2.2.4. Voltando ao objecto do recurso, do que se trata é de saber se a incapacidade permanente geral de 5% de que a demandante ficou afectada conforma um dano futuro previsível, de natureza patrimonial.
Temos para nós que não, mesmo na consideração da linha jurisprudencial que se apresenta dominante, neste Tribunal.
Com efeito, a incapacidade que a demandante apresenta reduz-se a “algumas dificuldades respiratórias decorrentes do facto de a narina direita entupir e ganhar crostas mais facilmente”, pois, no mais, as sequelas – cicatriz linear em V aberta, de vértice inferior, localizada na vertente nasal direita, que se inicia na porção interna da região ciliar atingindo a ponta do nariz, com o comprimento de 7cm, discreta protrusão da metade esquerda da pirâmide nasal e assimetria por diminuição da abertura da janela nasal direita – traduzem um dano estético (âmbito em que não releva a diminuição da sensibilidade na asa nasal direita).
Ora, em rigor, não é concretamente previsível que tal incapacidade/limitação seja adequada a determinar consequências negativas ao nível da actividade geral da demandante ou a reflectir-se, ainda que de modo indirecto, no desempenho da sua actividade profissional ou a implicar, para a demandante, uma maior dificuldade ou esforço no exercício de actividades profissionais ou da vida quotidiana.
Tanto mais quanto, considerando a formação profissional da demandante e a sua idade [nasceu a 30 de Julho de 1973 (alínea y) dos factos provados)], não é razoavelmente de admitir que a demandante ainda venha a exercer ou a pretender exercer actividade profissional para a qual possa relevar negativamente a referida limitação.
2.2.5. Não se duvida de que algumas dificuldades respiratórias, provocadas por mais facilmente (do que acontece ao comum das pessoas, infere-se) a narina direita entupir e ganhar crostas, causem incómodos e mal estar à demandante.
Todavia, esse desconforto, sem repercussão funcional, poderá ter a sua sede própria de avaliação no âmbito do quantum doloris.
Com efeito, esboçam-se hoje tendências no sentido de abranger em tal conceito os sofrimentos suportados durante o período de pós-consolidação, que vão desde as dores físicas crónicas sem repercussão funcional ao sofrimento psíquico implicado pelas sequelas e incapacidades ou “handicaps” que delas resultam ou aos próprios sofrimentos e esforços desenvolvidos para que a vítima possa continuar a realizar, após a consolidação, os trabalhos ou tarefas que antes realizava de forma natural, e só se a dor física tiver repercussão funcional então é que a sede de avaliação já não será a do quantum doloris mas antes a da incapacidade permanente parcial psico-física (9).
2.2.6. As outras sequelas – a cicatriz linear em V aberta, de vértice inferior, localizada na vertente nasal direita, com início na porção interna da região ciliar atingindo a ponta do nariz e o comprimento de 7cm, a discreta protrusão da metade esquerda da pirâmide nasal e a assimetria por diminuição da abertura da janela nasal direita – afectam a imagem da demandante, para si e na projecção dela no relacionamento com os outros.
Devem, por isso, ser encaradas como um dano, que vale por si mesmo.

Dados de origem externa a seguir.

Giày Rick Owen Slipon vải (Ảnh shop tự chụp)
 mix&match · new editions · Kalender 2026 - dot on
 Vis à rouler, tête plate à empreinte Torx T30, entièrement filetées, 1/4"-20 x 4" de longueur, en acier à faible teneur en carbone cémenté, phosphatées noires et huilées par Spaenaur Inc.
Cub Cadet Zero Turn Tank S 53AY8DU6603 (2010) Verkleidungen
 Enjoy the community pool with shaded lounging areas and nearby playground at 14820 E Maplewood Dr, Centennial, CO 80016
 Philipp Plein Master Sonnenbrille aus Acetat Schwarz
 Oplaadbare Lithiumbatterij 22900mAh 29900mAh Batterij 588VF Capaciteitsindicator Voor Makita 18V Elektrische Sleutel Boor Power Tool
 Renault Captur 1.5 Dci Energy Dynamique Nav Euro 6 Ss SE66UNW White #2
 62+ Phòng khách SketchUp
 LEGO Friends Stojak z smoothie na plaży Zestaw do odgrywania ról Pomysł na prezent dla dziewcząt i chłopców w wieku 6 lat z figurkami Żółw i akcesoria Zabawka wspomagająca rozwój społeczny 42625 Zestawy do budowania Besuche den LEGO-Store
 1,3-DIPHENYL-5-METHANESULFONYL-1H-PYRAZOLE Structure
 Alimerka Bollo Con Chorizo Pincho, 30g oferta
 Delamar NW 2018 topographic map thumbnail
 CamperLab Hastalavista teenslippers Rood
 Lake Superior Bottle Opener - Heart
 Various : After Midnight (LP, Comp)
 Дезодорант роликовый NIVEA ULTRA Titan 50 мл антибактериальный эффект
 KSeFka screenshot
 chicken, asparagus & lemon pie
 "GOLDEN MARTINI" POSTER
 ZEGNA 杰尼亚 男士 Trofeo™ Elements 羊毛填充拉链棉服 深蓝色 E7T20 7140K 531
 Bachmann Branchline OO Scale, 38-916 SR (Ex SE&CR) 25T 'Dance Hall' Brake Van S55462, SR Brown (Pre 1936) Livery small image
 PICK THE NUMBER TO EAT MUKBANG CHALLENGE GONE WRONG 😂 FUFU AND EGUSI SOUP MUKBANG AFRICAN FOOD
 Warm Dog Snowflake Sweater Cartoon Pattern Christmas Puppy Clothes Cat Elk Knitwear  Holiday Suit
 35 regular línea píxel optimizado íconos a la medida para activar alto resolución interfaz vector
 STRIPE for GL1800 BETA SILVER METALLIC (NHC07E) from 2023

Trata-se do chamado dano estético, correntemente catalogado como um dano de consequências não patrimoniais.
É certo que, não raras vezes, as lesões constituem um dano que é simultaneamente funcional e estético, devendo, então, ser avaliado e reparado na sua dupla vertente. Mas não é esse o caso do dano estético que das lesões resultou para a demandante.
Tendo em conta a actividade e a formação profissional da demandante não é concretamente previsível que o dano estético possa vir a ter quaisquer repercussões de natureza laboral e/ou patrimonial.
2.2.7. A apreciação do caso, no concreto âmbito dos factos dados por provados, leva a excluir que a incapacidade permanente geral de 5%, de que a demandante ficou afectada, tenha repercussões funcionais directas ou indirectas, imediatas ou longínquas.
Não se mostrando, assim, sustentada, no caso, a consideração do dano biológico como de cariz patrimonial para fundamentar a procedência do pedido de indemnização a título de danos patrimoniais futuros.
A sua valoração e ressarcimento esgota-se em sede de dano não patrimonial, como decidiu a 1.ª instância.

III

Termos em que, na procedência do recurso, revogamos o acórdão recorrido, mantendo-se a decisão da 1.ª instância.
Custas do recurso a cargo da demandante.
Supremo Tribunal de Justiça, 20 de Janeiro de 2010
Isabel Pais Martins (relatora)
Manuel Braz

_________________

(1) João António Álvaro Dias, Dano Corporal, Quadro Epistemológico e Aspectos Ressarcitórios, Colecção Teses, Almedina, Coimbra, 2001, p. 272.
(2) Como se assinala no acórdão deste Tribunal de 27/10/2009 (processo n.º 560/09.0YFLSB – 1.ª secção).
(3) Cfr., v.g., acórdãos deste Tribunal de 07/10/2004 (processo n.º 2970/04 – 7.ª secção), de 13/01/2005 (processo n.º 4477/04 – 7.ª secção), de 10/05/2007 (processo n.º 1341/2007 – 7.ª secção), de 25/09/2007 (processo n.º 2159/07 – 1.ª secção), de 22/01/2008 (processo n.º 4338/07 – 1.ª secção), de 27/03/2008 (processo n.º 761/08 – 7.ª secção), de 09/10/2008 (processo n.º 2686/08 – 7.ª secção), de 23/04/2009 (processo n.º 292/04.6TBVNC.S1 – 7.ª secção).
(4) Acórdão de 12/09/2006 (processo n.º 2145/06 – 1.ª secção).
(5) Cfr. nota 2.
(6) João António Álvaro Dias, ob. cit., especialmente, capítulo II, secção I.
(7) Segundo o Autor a que nos estamos a referir, a fasquia das chamadas pequenas incapacidades tem o seu tecto como referência nos 10%, sendo certo que vai fazendo caminho a ideia de que, salvo casos particularíssimos, as incapacidades até 15–20% deverão ser avaliadas e reparadas não pelos parâmetros de uma qualquer incapacidade funcional (que por regra não se verifica) mas antes no âmbito do chamado dano à saúde (cfr. pp. 116-117).